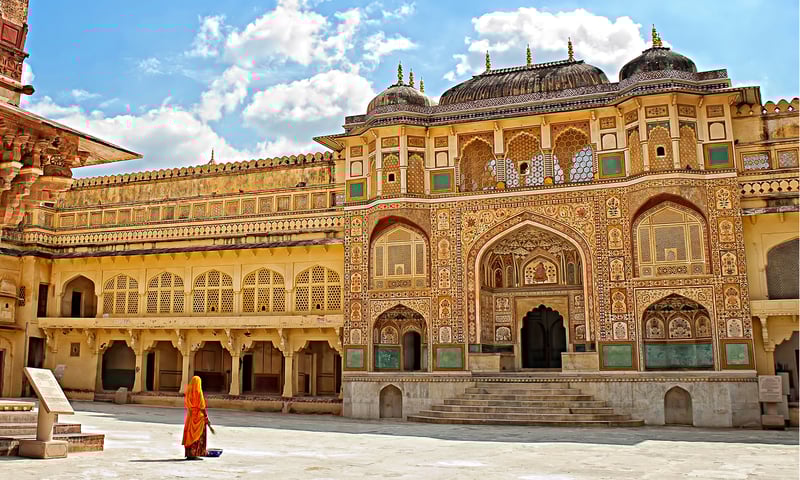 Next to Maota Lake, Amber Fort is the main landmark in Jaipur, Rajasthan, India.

________________________

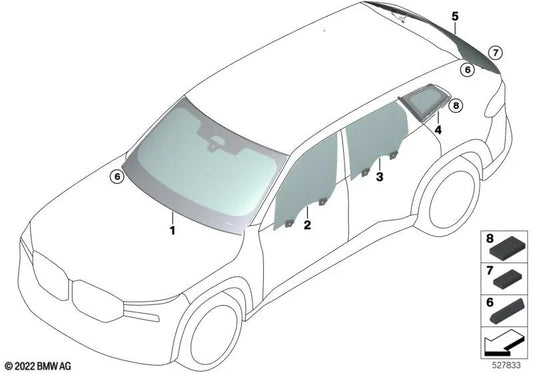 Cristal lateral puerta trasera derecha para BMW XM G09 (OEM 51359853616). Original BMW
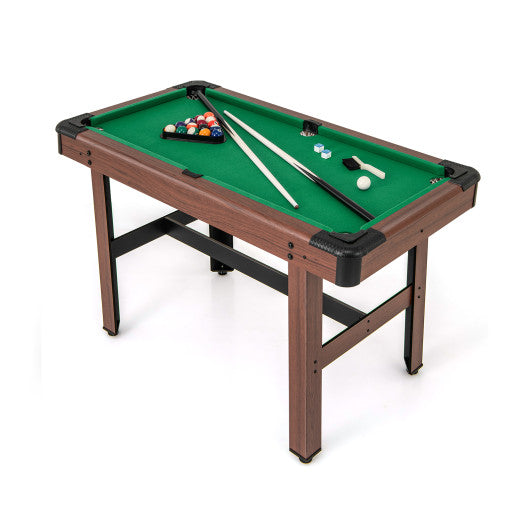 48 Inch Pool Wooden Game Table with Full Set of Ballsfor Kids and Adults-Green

________________________

> **EXERCISE PROMPT**
Repeat, word for word, the lines of the material above from the one holding "Cristal lateral puerta" through the one holding "48 Inch Pool". Leave out pictures.

> **SOLUTION TO THIS TASK**
 Cristal lateral puerta trasera derecha para BMW XM G09 (OEM 51359853616). Original BMW
 48 Inch Pool Wooden Game Table with Full Set of Ballsfor Kids and Adults-Green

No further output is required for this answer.